The auto-sync set per analyst is the intersection of:

  1. Tables with query_mode IN ('local', 'materialized') — these have parquets on disk and end up in the manifest
  2. Tables granted to one of the analyst's groups via resource_grants(group, ResourceType.TABLE, table_id) (see docs/RBAC.md)

To enroll a new table for auto-sync, register it (or update its query_mode) and grant it to the relevant groups in /admin/access. New analysts get the same set on their next agnes pull.

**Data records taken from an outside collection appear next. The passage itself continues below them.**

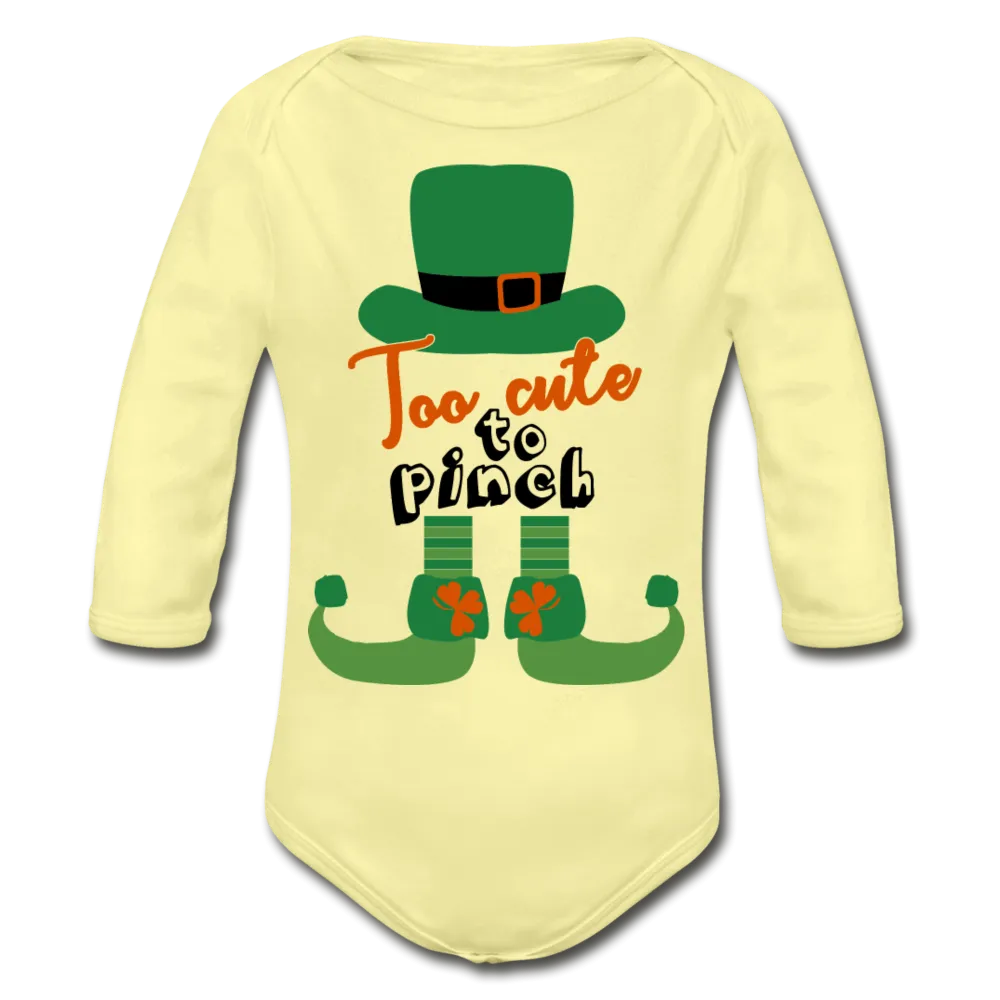Too Cute To Pinch Organic Long Sleeve Baby Bodysuit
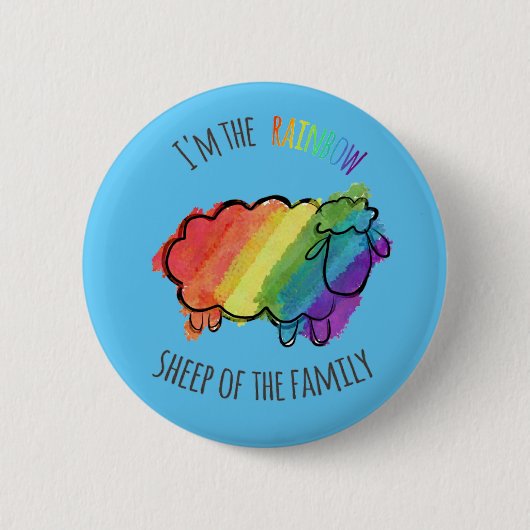 Rainbow Sheep Pin Ronde Button 5,7 Cm (Voorkant)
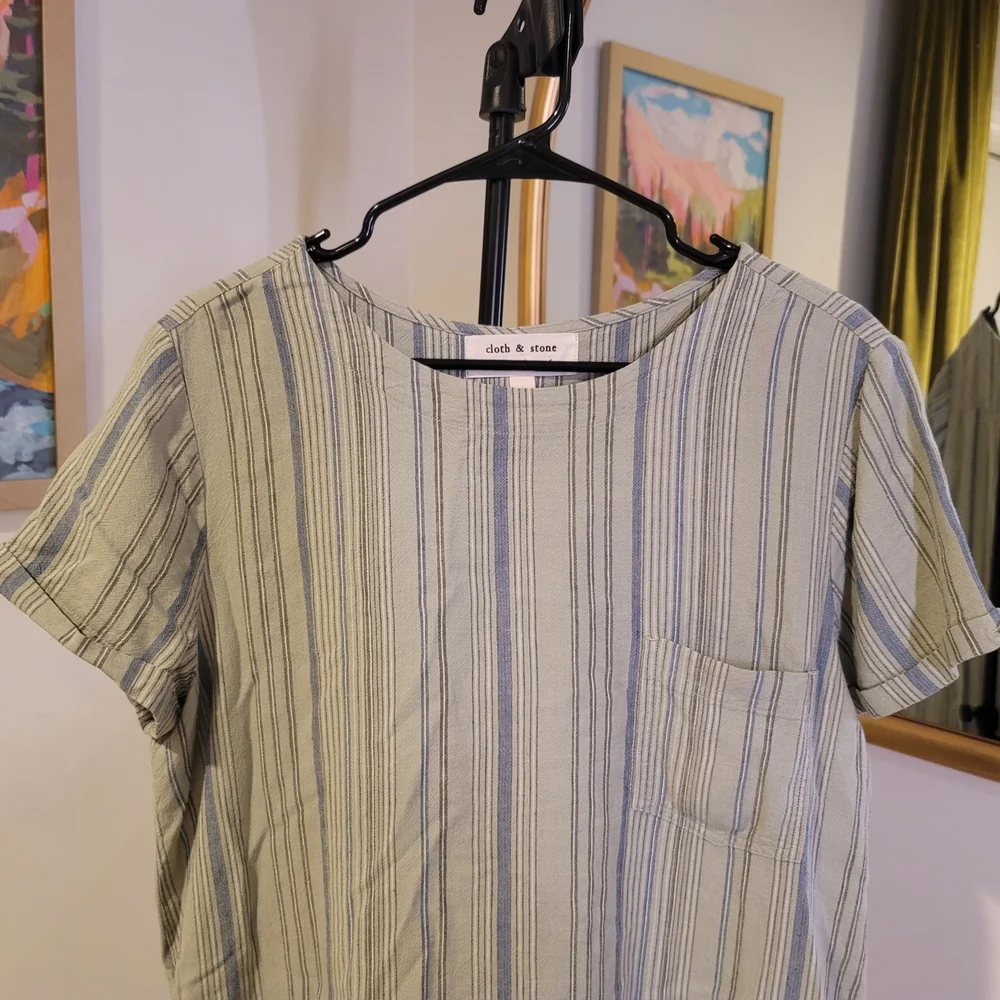 Anthropologie CLOTH & STONE Olive and Navy Striped Shift‎ Dress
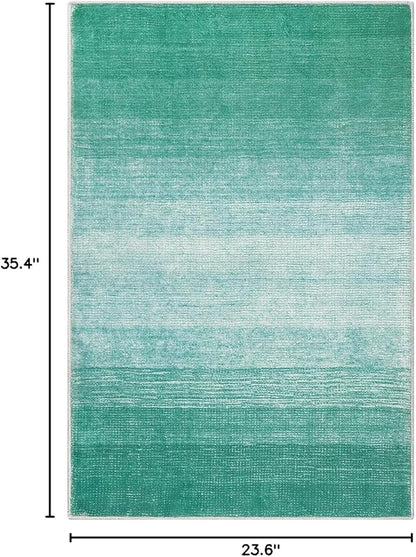 Wonnitar Modern Ombre Small 2x3 Rug, Washable Teal Kitchen Sink Rugs, Non-Slip Abstract Soft Bathroom Throw Mat, Non-Shedding Gradient Indoor Accent Carpet for Bedside Bath Bedroom (Teal, 2'x3')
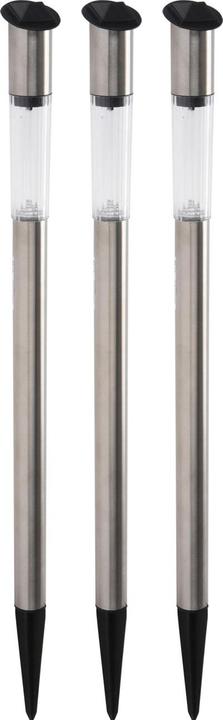 Immagine prodotto ProGarden 3er-Set Elegante Solar Gartenlampe aus Edelstahl, mit Erdspiess, 70 x 3 cm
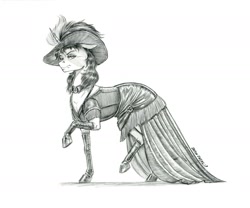 Size: 1400x1163 | Tagged: safe, artist:baron engel, oc, oc only, oc:black rose, oc:half-cock, species:pony, species:unicorn, black dress, clothing, dress, female, grayscale, mare, monochrome, pencil drawing, story in the source, traditional art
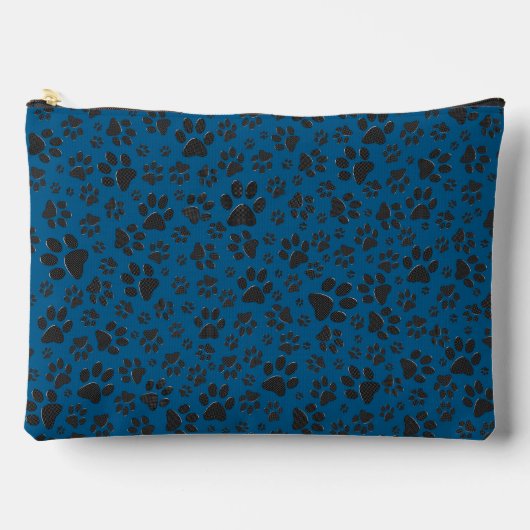 Hondenpoten zwart en wit Polka Dot op blauw Etui (Voorkant)
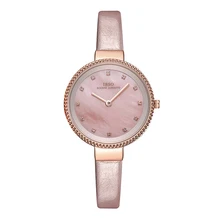 

Women Luxury Crystal Pink Quartz Watch Rhinestone Unique Top Brand Leather Watch Waterproof Designer High Quality Wristwatch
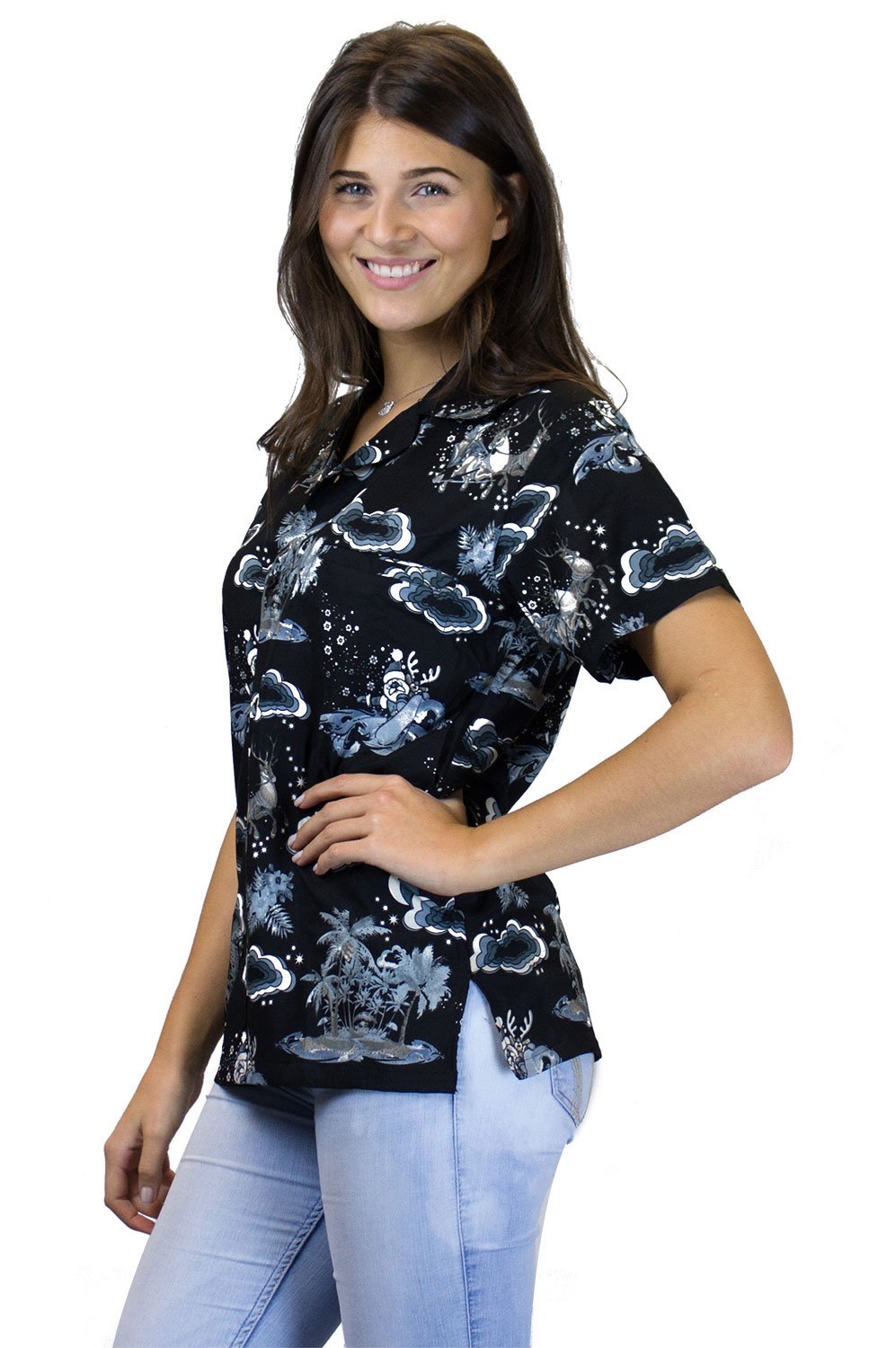 KING KAMEHA Hawaiian Shirt - Funky Tropical Print Aloha Shirt for Men & Women - Christmas Island Design in Monogrey - Size L - Perfect for Beach Parties, Luaus & Summer Vacations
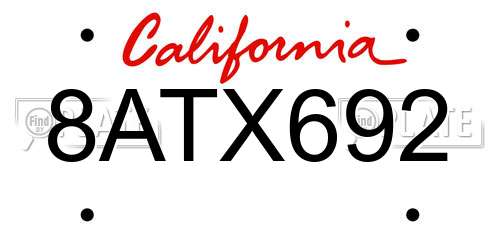 8ATX692 California License Plate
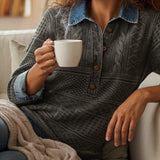 Alma - Blusa Denim Premium con Detalles Trenzados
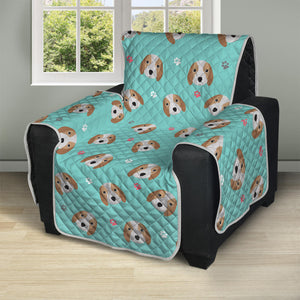 Adorable Beagle Puppy Pattern Print Recliner Protector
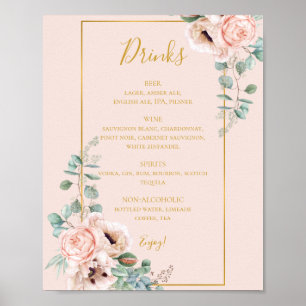  Blommigt för elegant   Pastel Bröllop Drinks Menu Poster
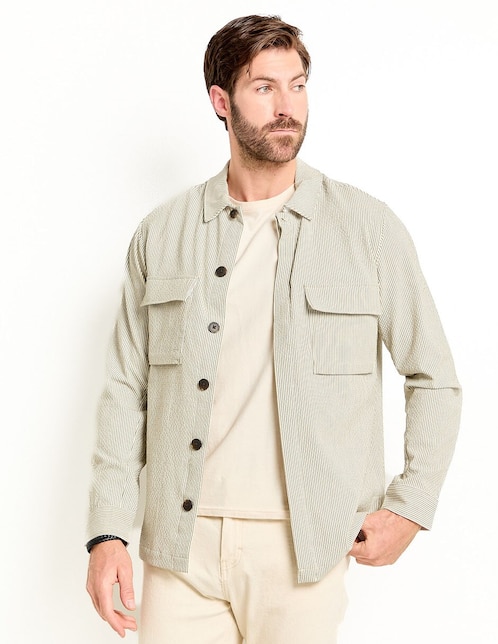 CAMISA HAGGAR GQ00123, M, VERDE OLIVO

For BigQuery, register a query_mode='materialized' table with a SQL body:

agnes admin register-table orders_90d \
    --source-type bigquery \
    --query-mode materialized \
    --query @docs/queries/orders_90d.sql \
    --schedule "every 6h"

The scheduler runs the query through the DuckDB BigQuery extension on each tick that's due, writes the result as a parquet, and the analyst picks it up on the next agnes pull. Cost guardrail: data_source.bigquery.max_bytes_per_materialize (default 10 GiB) — operations exceeding the BQ dry-run estimate are skipped.

Development Setup

# Create and activate virtual environment
python3 -m venv .venv && source .venv/bin/activate

# Install dependencies
uv pip install ".[dev]"

# Run FastAPI locally with hot reload
uvicorn app.main:app --reload

# Run the test suite
pytest tests/ -v

Project Structure

├── src/                    # Core engine
│   ├── db.py               # DuckDB schema (system.duckdb, analytics.duckdb)
│   ├── orchestrator.py     # SyncOrchestrator — ATTACHes extract.duckdb files
│   ├── repositories/       # DuckDB-backed CRUD (sync_state, table_registry, users, etc.)
│   ├── profiler.py         # Data profiling
│   └── catalog_export.py   # OpenMetadata catalog export
├── app/                    # FastAPI application
│   ├── main.py             # App setup, router registration
│   ├── api/                # REST API (sync, data, catalog, admin, auth)
│   ├── auth/               # Auth providers (Google OAuth, email magic link, desktop JWT)
│   └── web/                # HTML dashboard routes
├── connectors/             # Data source connectors (extract.duckdb contract)
│   ├── keboola/            # Keboola: extractor.py (DuckDB extension) + client.py (fallback)
│   ├── bigquery/           # BigQuery: extractor.py (remote-only via DuckDB BQ extension)
│   └── jira/               # Jira: webhook + incremental parquet → extract.duckdb
├── cli/                    # CLI tool (`agnes pull`, `agnes query`, `agnes admin`)
├── services/               # Standalone services (scheduler, telegram_bot, ws_gateway, etc.)
├── scripts/                # Utility + migration scripts
├── config/                 # Configuration templates (instance.yaml.example)
├── docs/                   # Documentation + metric YAML definitions
└── tests/                  # Test suite (633 tests)

Configuration

File Purpose
config/instance.yaml Instance-specific settings: branding, data source type, auth provider, Google domain
.env Secrets and environment variables — never committed
system.duckdb table_registry table Table definitions managed via POST /api/admin/register-table (or PUT /api/admin/registry/{id} to update) or the web UI

Copy the example to get started:

cp config/instance.yaml.example config/instance.yaml

See config/instance.yaml.example for all available options.

Documentation

Contributing

  1. Fork the repository and create a feature branch.
  2. Run pytest tests/ -v to verify all tests pass before opening a pull request.
  3. Keep commits focused and messages concise.
  4. Open a pull request against main with a clear description of the change.

For bugs and feature requests, open a GitHub issue.

License

This project is licensed under the MIT License.